- **ABOUT THIS EXERCISE**
Here, the job is to give back every entry below unchanged, omitting pictures.

- **MATERIAL SUPPLIED**
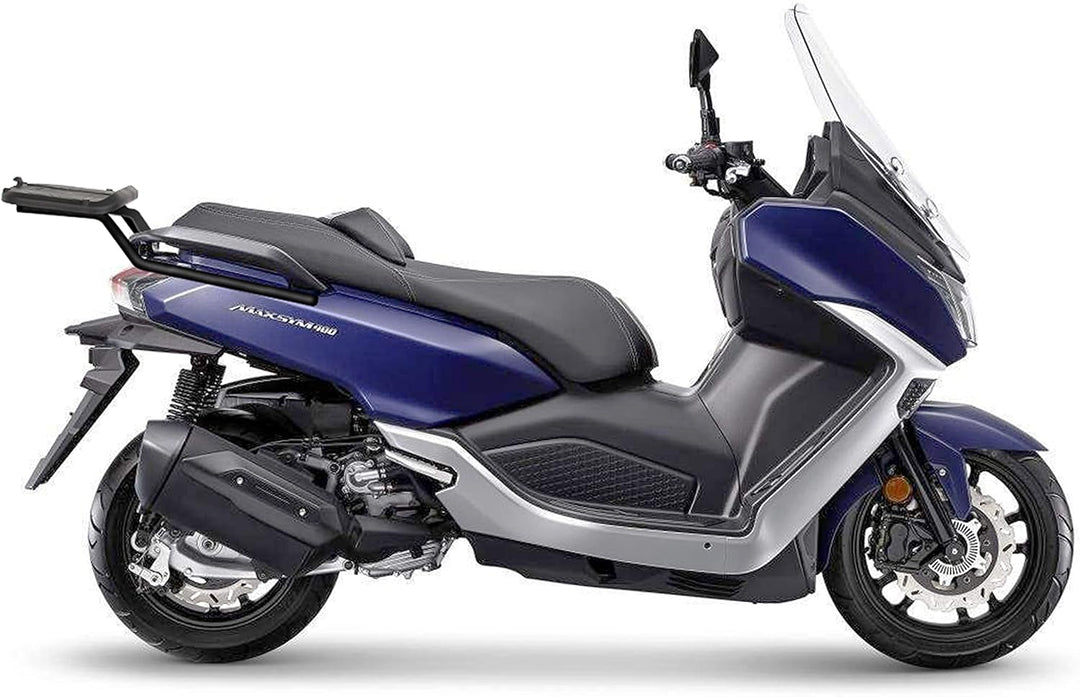 SHAD TOP Master SYM MAXSYM 400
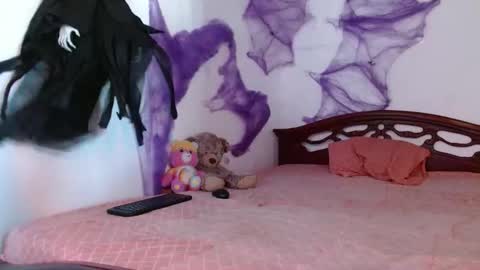 Francii online show from October 14, 8:33 pm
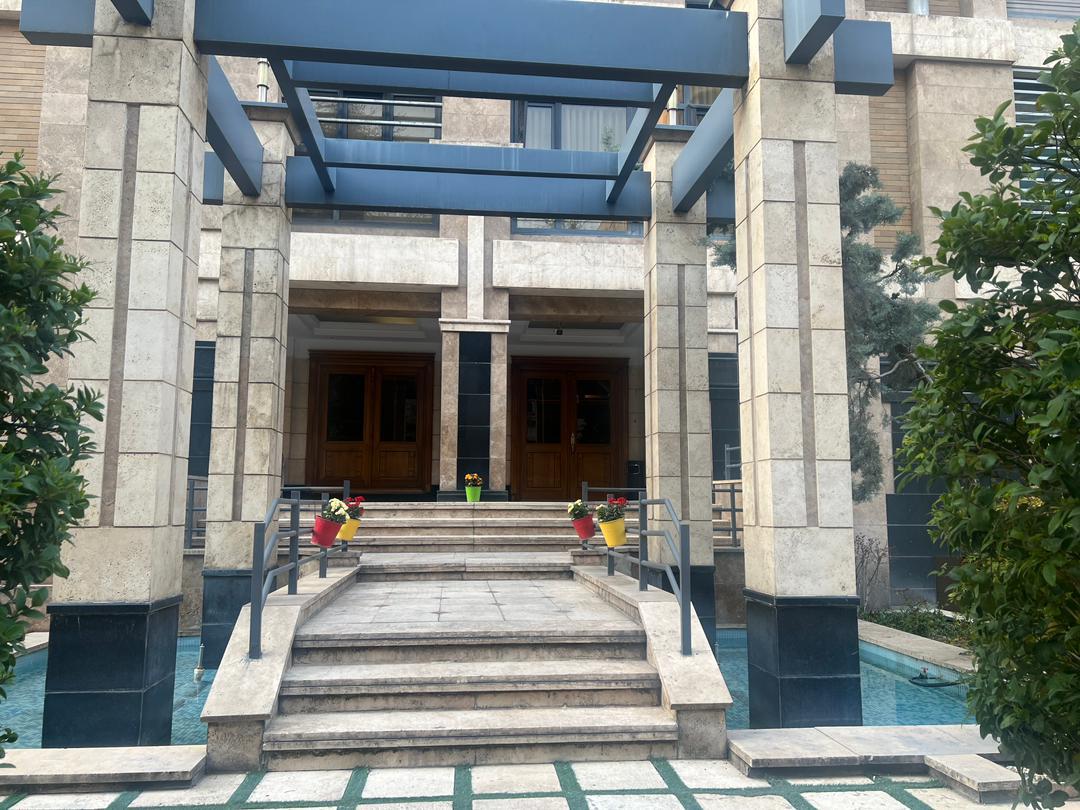 فروش اپارتمان 145 متر قیطریه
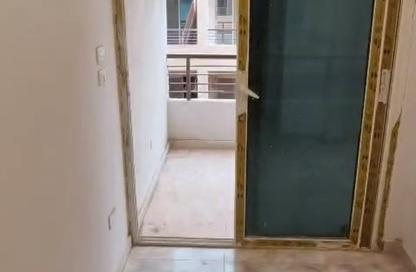 شقة - 3 غرف نوم - 2 حمامات للبيع في عمارات الاندلس - حى الاندلس - مدينة القاهرة الجديدة - القاهرة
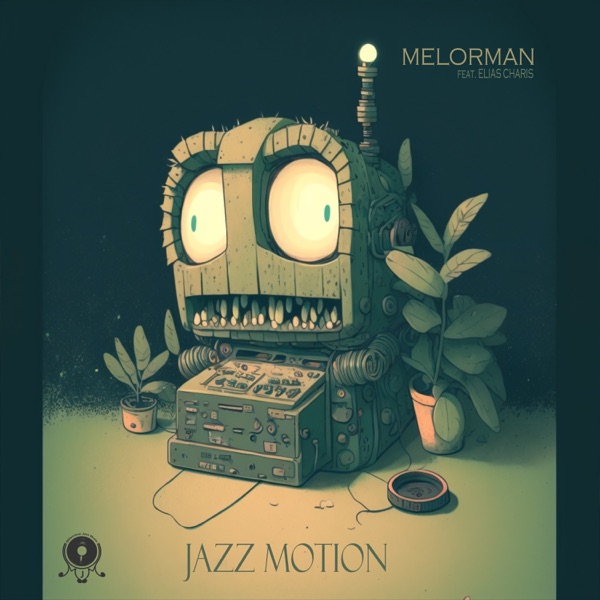 Jazz Motion – Single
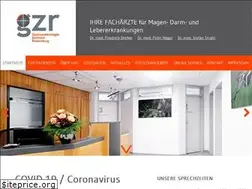 Sites similar to gastroenterologie-rottenburg.de
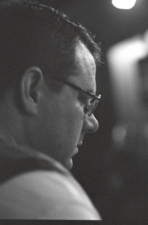 Alan Kallmeyer
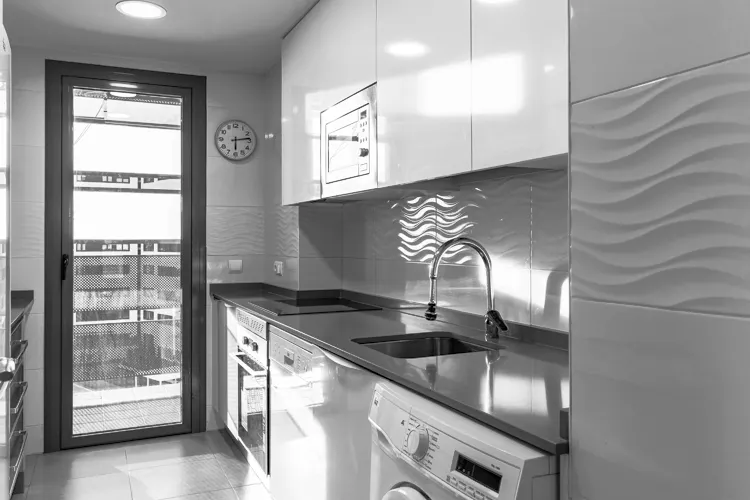 Foto del piso en alquiler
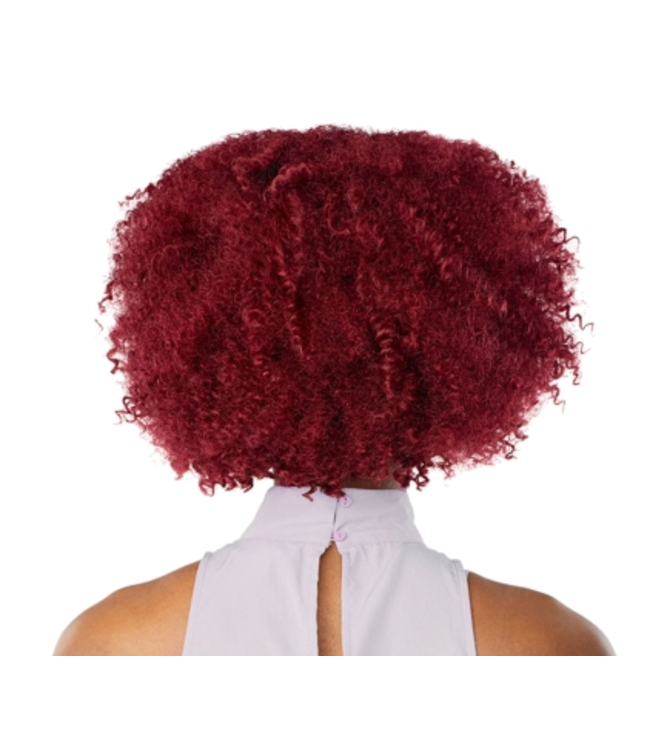 2X  BOUNCY COIL LULUTRESS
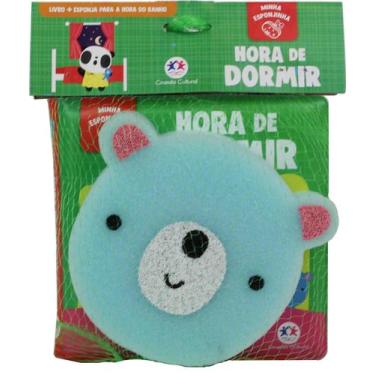 Imagem de Livro - Hora de dormir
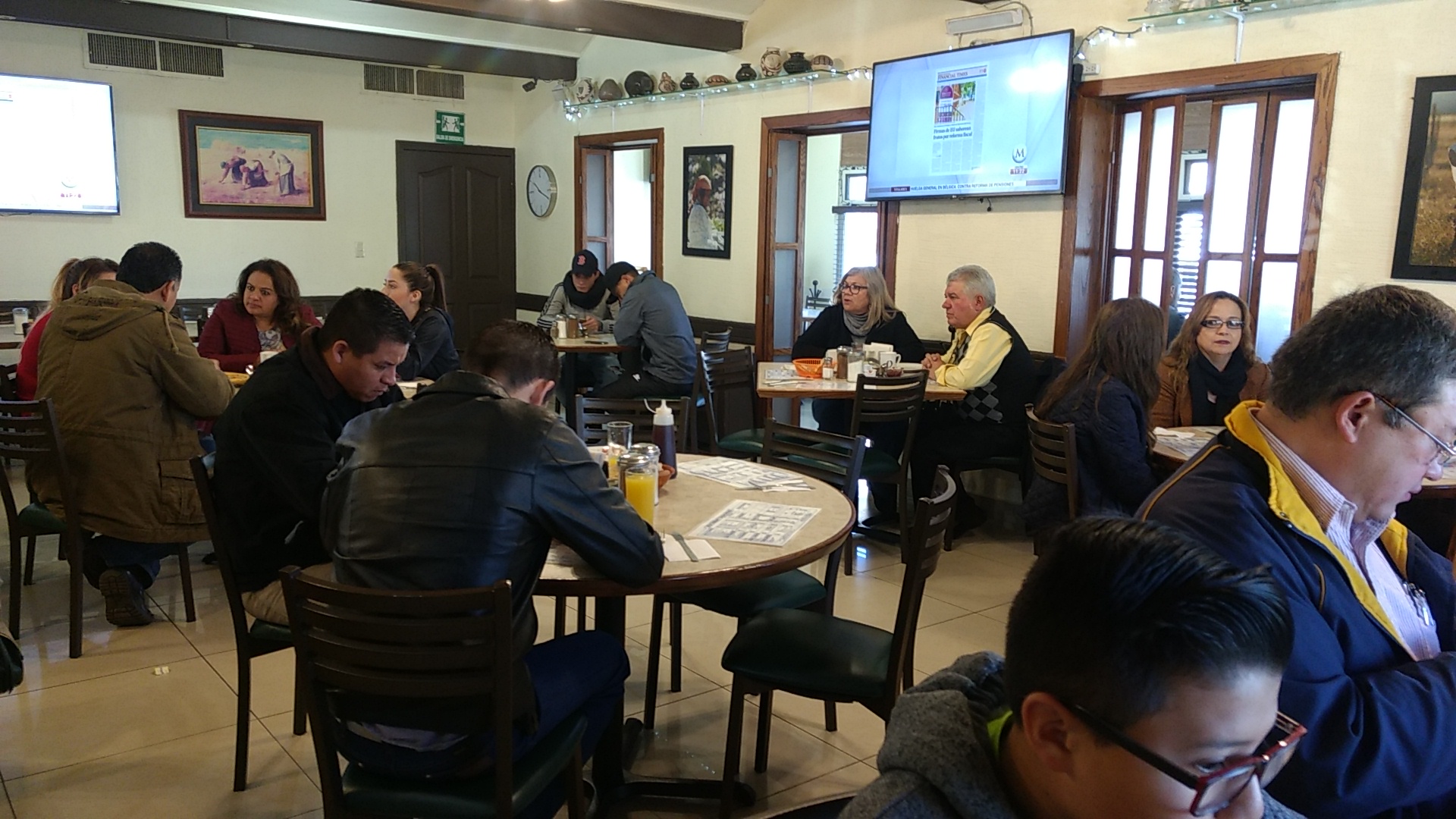 Restaurant Tarahumara image 6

- **ANSWER FOR THE TASK**
 SHAD TOP Master SYM MAXSYM 400
 Francii online show from October 14, 8:33 pm
 فروش اپارتمان 145 متر قیطریه
 شقة - 3 غرف نوم - 2 حمامات للبيع في عمارات الاندلس - حى الاندلس - مدينة القاهرة الجديدة - القاهرة
 Jazz Motion – Single
 Sites similar to gastroenterologie-rottenburg.de
 Alan Kallmeyer
 Foto del piso en alquiler
 2X  BOUNCY COIL LULUTRESS
 Imagem de Livro - Hora de dormir
 Restaurant Tarahumara image 6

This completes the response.